MOLTO use scenarios and the market segment
The scope of applicability for MOLTO translation is a function of the domain and language coverage. The locale and grammar coverage at the start of the project was fixed by the apported GF resource grammar library. One of the main tasks of the MOLTO project is to provide tools for extending domain coverage and the associated lexical coverage by MOLTO translation users themselves. The tools should make it feasible for user communities to extend MOLTO translation to new domains and vocabularies. The market segment that can be targeted by MOLTO tools by the end of the project is in turn a function of the availability and efficiency of these tools and thereby the potential coverage of MOLTO translation. We are aiming at making it feasible to build and use domain specific grammars with lexicons in the order of thousands of words (instead of hundreds).

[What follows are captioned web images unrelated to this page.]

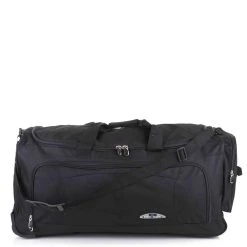 Enrico Benetti Orlando 35305 L Reistas / Sporttas Met Wielen / Wieltas 81 Liter - Zwart 26 Enrico Benetti Orlando 35305 L Reistas / Sporttas Met Wielen / Wieltas 81 Liter - Zwart -Bagage En Reistassen 1200x1200 2011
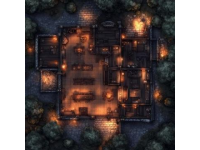 瀘縣美食地圖全新發布
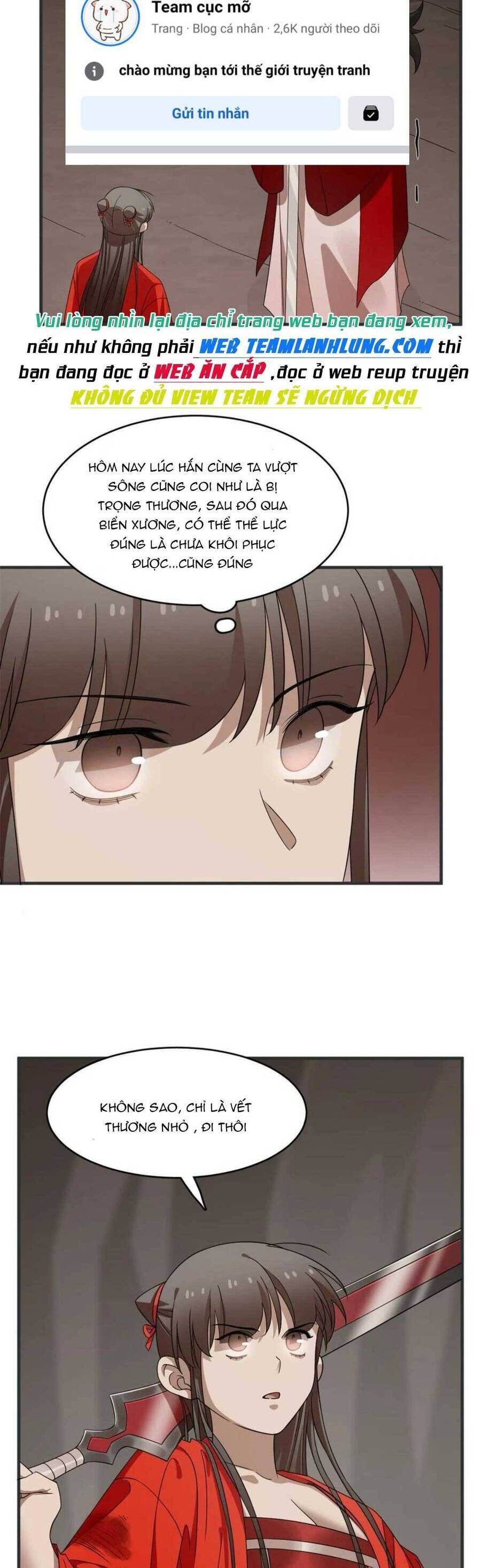 đọc truyện Độc Bộ Thiên Hạ: Đặc Công Thần Y Chương 436 ảnh 25 tại Thiên Thai Truyện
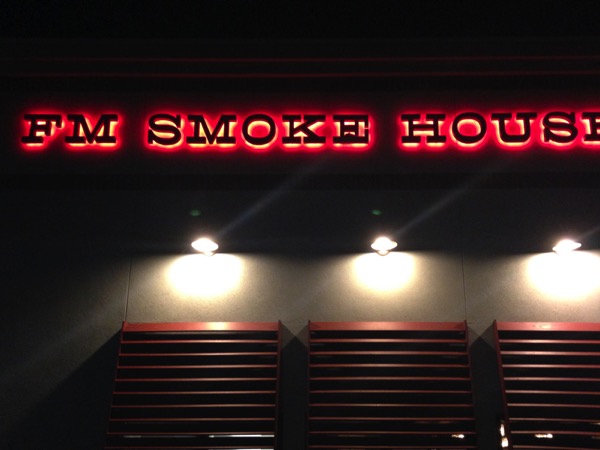 FM Smoke House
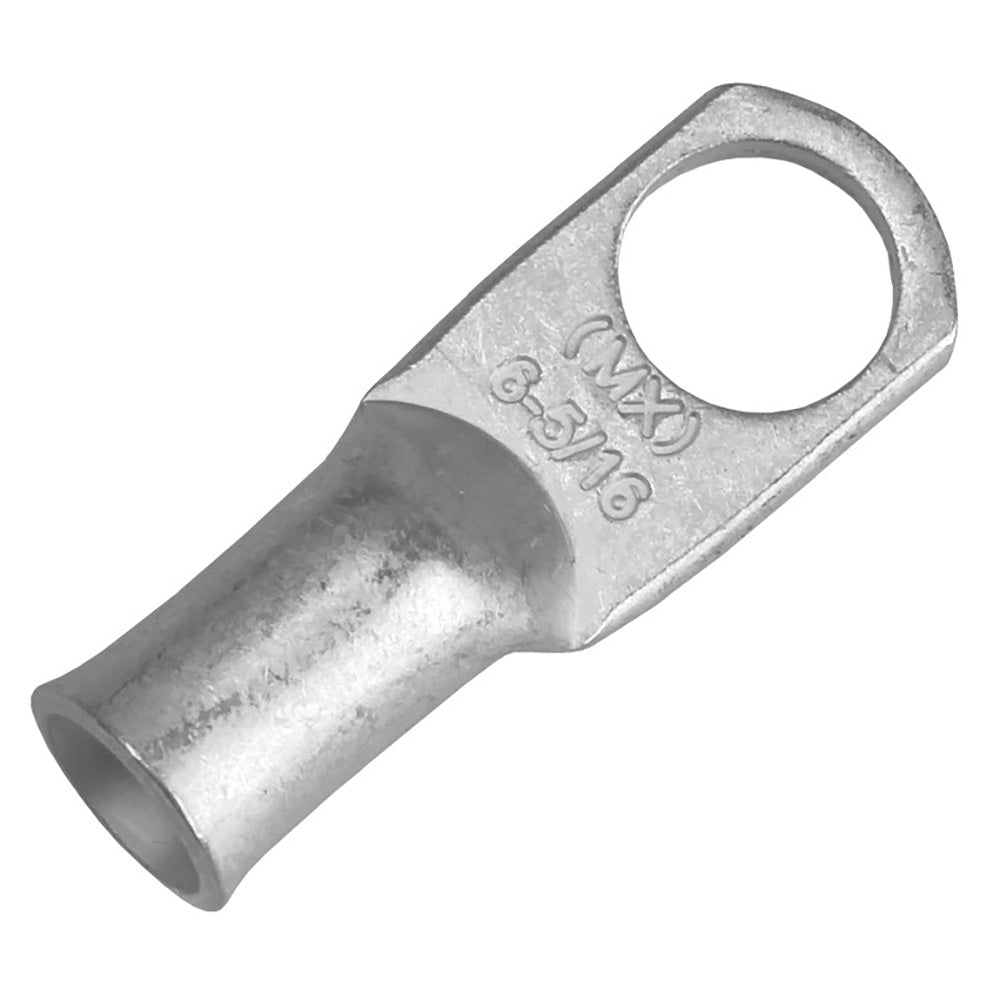 Pacer Group - Tinned Lug 6 AWG — Quality Boat Parts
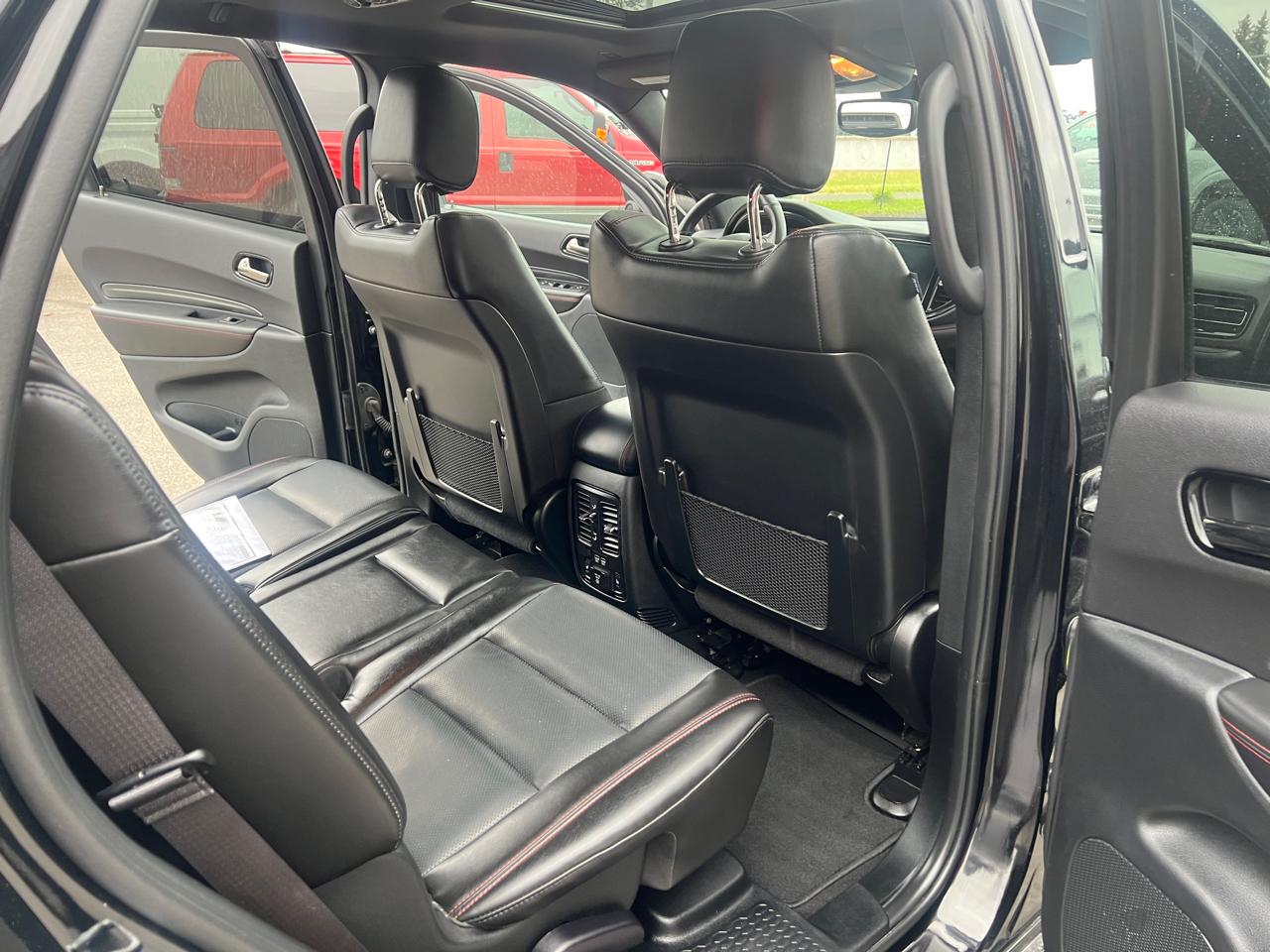Dodge Durango R/T AWD 2025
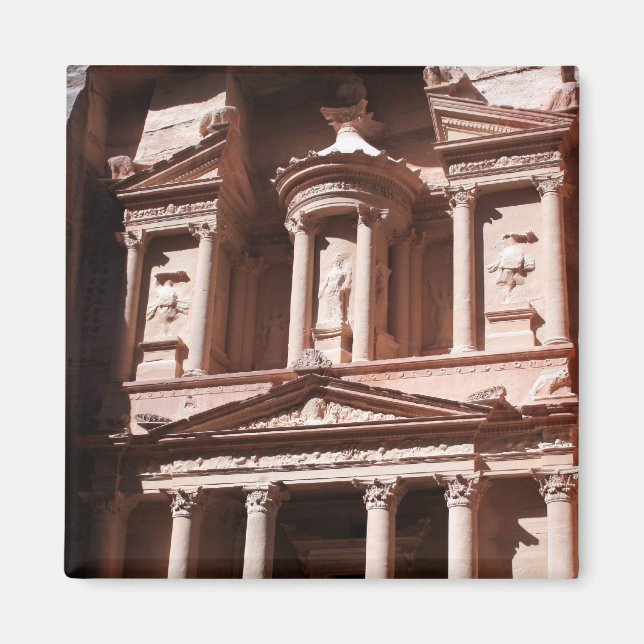 finansdepartement magnet (Framsidan)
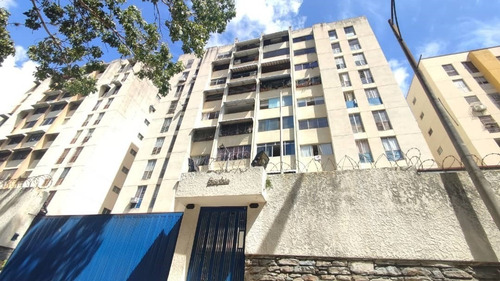 Imagen 1 de 12 de Se Vende Apartamento En Santa Paula / 0414-3907836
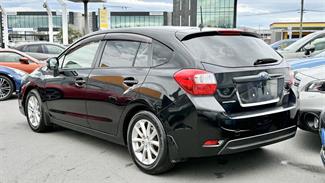 2014 Subaru Impreza - Thumbnail
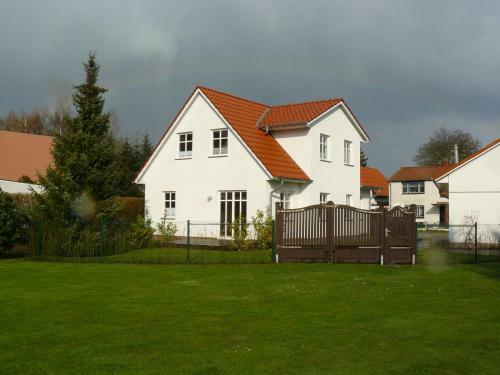 Ferienwohnung Schulte
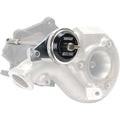 Turbosmart IWG75 Internal Wastegate Actuator (18 PSI, Black), 2008-2015 EVO X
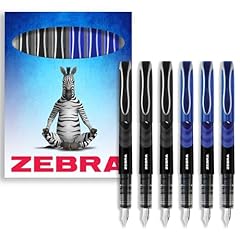 Zebra fuente pen for sale  Delivered anywhere in USA 
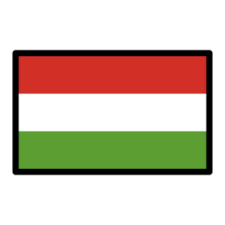 Vertical tricolor or triband flags. Shmaia Oyggaria Emoji
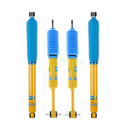 Bilstein B6 4600 Shocks Set for Ford Ranger (98-11)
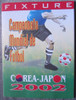 Fixture Mundial De Futbol Corea Japon 2002 0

The two properties: restricted coverage and predictable input, restrict the market segment to production (dissemination). The constrained language property means MOLTO will not offer a replacement for CAT, i.e. translation tools that help human translators with complex third party authored documents which they are not allowed to modify. But MOLTO translation can be added an additional facility in the CAT toolkit. Conversely, traditional TMS facilities may add value to the application and extension of MOLTO methods. These ideas are explored in WP 3.
MOLTO remains at the core a tool for constrained language multilingual generation. Its potential strengths are 1) multiple simultaneous target languages and 2) reliable enough quality for blind translation (translation from a known language to unknown languages). 2) can only be obtained if the quality is higher than human translation. In practice, some level of human revision is probably going to be needed, but the need can be significantly less than in current workflows.
From this, we conclude that the most promising market segment for MOLTO translation is constrained language content localization. In current translation industry, there is a more or less clear split between interface localization, which involves translation of fixed short strings from a list of interface messages by professional or volunteer translators, and content translation, which is mostly done outside of the website using CAT tools.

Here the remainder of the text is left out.